08 May, 2019

Voices: How AEPi in Israel Reconnected Me to Jews at Home

08 May, 2019

Samuel Platcow (IDC, 2018) Jewish Programming Associate

We’ve all experienced it: losing touch with friends after senior year of High School. The best of friends go their separate ways in order to continue their education. Who can say if your friendships will really endure?

Upon acceptance to the Interdisciplinary Center Herzliya (IDC), I moved to Israel to start my college career as all of my friends went to their respective schools all over the United States. After a year or two, almost all of my High School relationships had been reduced to Instagram hearts and Facebook likes. Although this sounds sad, I’m sure you can relate. We’re hyper connected but somehow isolated in more ways than one. Yes, we’re really only ever a phone call away, but starting a new chapter in life means that sometimes, important relationships in the past may not be able to stay alive.

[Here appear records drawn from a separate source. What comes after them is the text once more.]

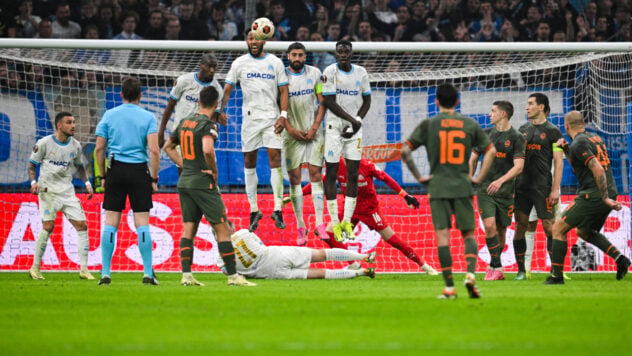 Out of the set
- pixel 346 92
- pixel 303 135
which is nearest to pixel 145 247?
pixel 303 135

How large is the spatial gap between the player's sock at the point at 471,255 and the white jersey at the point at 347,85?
15.9ft

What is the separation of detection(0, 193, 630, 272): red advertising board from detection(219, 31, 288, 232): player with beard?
2.72m

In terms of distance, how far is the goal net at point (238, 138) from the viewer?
15.8 m

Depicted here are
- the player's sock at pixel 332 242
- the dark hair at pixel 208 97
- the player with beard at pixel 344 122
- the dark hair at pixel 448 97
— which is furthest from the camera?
the player's sock at pixel 332 242

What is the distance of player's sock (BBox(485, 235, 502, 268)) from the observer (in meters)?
12.9

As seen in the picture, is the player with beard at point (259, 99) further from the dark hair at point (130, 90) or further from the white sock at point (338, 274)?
the dark hair at point (130, 90)

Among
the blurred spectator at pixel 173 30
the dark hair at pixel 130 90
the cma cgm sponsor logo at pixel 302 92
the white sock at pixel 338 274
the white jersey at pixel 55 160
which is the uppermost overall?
the blurred spectator at pixel 173 30

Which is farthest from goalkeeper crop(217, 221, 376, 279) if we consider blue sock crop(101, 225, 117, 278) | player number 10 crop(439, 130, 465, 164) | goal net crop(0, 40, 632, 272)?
player number 10 crop(439, 130, 465, 164)

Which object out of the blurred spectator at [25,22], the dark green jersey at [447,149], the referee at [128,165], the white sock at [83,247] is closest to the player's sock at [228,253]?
the referee at [128,165]

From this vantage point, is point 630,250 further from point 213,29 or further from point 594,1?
point 213,29

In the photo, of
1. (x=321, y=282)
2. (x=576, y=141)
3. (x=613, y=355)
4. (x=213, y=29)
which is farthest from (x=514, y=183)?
(x=213, y=29)

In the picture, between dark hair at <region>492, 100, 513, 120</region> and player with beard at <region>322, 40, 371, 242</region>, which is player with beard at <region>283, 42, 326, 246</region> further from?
dark hair at <region>492, 100, 513, 120</region>

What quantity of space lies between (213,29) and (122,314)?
13393 mm

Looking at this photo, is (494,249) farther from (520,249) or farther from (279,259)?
(279,259)
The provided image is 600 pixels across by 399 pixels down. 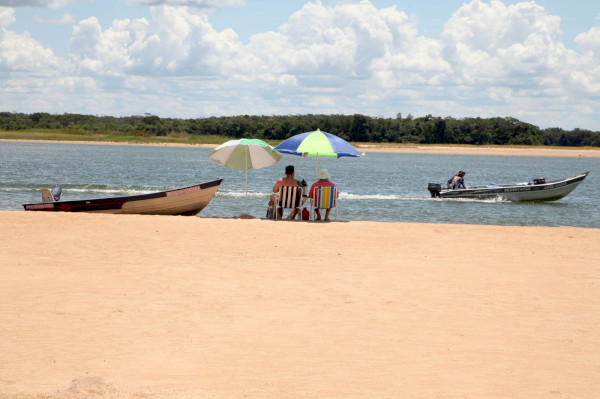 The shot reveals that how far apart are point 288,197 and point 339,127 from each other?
9368cm

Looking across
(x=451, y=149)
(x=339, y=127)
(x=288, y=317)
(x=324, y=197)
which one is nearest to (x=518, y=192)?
(x=324, y=197)

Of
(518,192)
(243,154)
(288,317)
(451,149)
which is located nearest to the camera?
(288,317)

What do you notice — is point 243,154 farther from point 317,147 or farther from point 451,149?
point 451,149

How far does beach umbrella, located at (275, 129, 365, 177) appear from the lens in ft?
49.5

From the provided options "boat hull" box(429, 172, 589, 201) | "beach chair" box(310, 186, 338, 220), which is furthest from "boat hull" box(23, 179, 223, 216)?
"boat hull" box(429, 172, 589, 201)

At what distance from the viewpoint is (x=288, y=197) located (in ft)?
51.3

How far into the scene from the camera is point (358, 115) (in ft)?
358

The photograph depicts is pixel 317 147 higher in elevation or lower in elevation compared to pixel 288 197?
higher

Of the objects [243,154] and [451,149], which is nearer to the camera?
[243,154]

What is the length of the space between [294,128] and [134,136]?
21892 mm

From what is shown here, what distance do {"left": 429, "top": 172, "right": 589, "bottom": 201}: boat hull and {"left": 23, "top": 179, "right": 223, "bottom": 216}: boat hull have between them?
12341 millimetres

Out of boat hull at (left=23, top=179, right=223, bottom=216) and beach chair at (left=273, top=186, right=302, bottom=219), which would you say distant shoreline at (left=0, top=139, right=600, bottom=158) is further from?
beach chair at (left=273, top=186, right=302, bottom=219)

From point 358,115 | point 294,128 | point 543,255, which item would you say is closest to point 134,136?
point 294,128

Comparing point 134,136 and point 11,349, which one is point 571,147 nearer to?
point 134,136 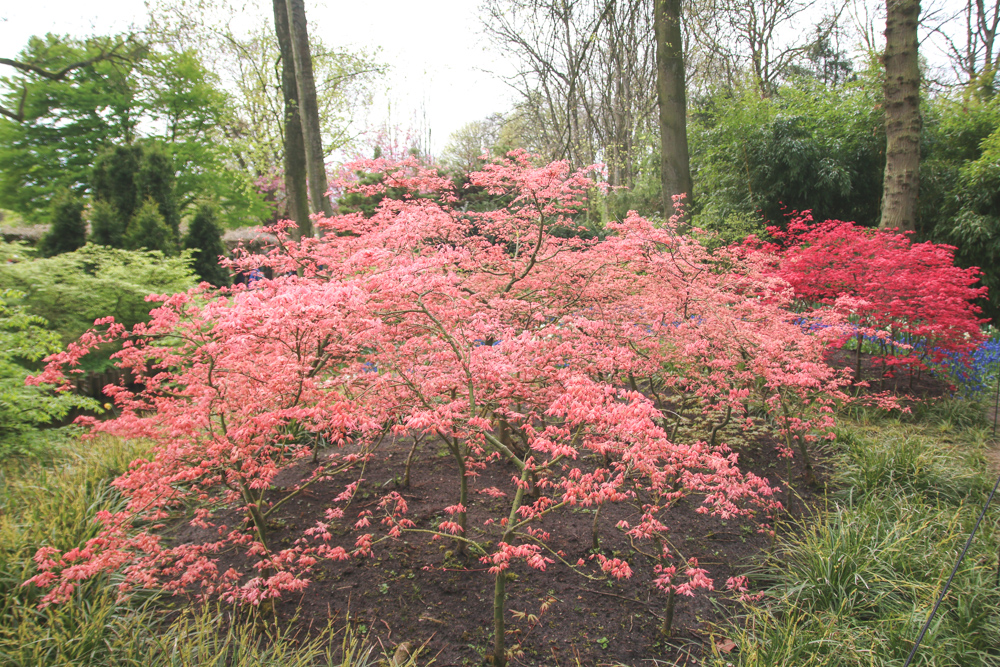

Of course, living in Israel means living in a Jewish country and studying at predominantly Jewish schools, but I still felt the need to find people with similar interests and goals. Where would I find my niche?

Despite these facts, many of my friends and I ended up walking the same the path. This path was the Jewish Fraternity. No matter how many miles away from each other we were, many of us joined the same Fraternity, AEPi. Many of us had no clue what AEPi was in High School. Miraculously, almost like it was meant to happen, a bond was reignited between us. My friends were now Brothers. It seemed we could relate even more, on a different level then in High School. What an interesting coincidence: we had separated entirely, even living across the globe but joined the same fraternity.

AEPi was the answer for me. Finding the Aleph chapter at IDC was a blessing: in an unforeseen way, AEPi in Israel actually enabled me to connect back with the United States! While it gave me a wonderful and diverse friend group in Israel, it became the reason I reconnected with so many friends with whom I hadn’t talked to for years.

In a foreign country, AEPi provided a place that helped me grow as a person with a group of people who had similar goals in life. I became comfortable in a country that was 5,500 miles away from my hometown. Finding out through Facebook that my friends got into AEPi was refreshing. I knew that we were all connected by something larger, that we could all sit down together a year or even three from then and be able to relate to one another still.

Fortunately I’ve had that experience, sitting down next to an old friend who you hadn’t talked to in years, still being able to talk to as if those years had never happened. Thanks to AEPi, I was able to rekindle broken friendships I thought lost forever. It turns out that being in a near completely Jewish school may have been similar to a school with next to none. AEPi was the perfect community for me and it’s still providing so much more.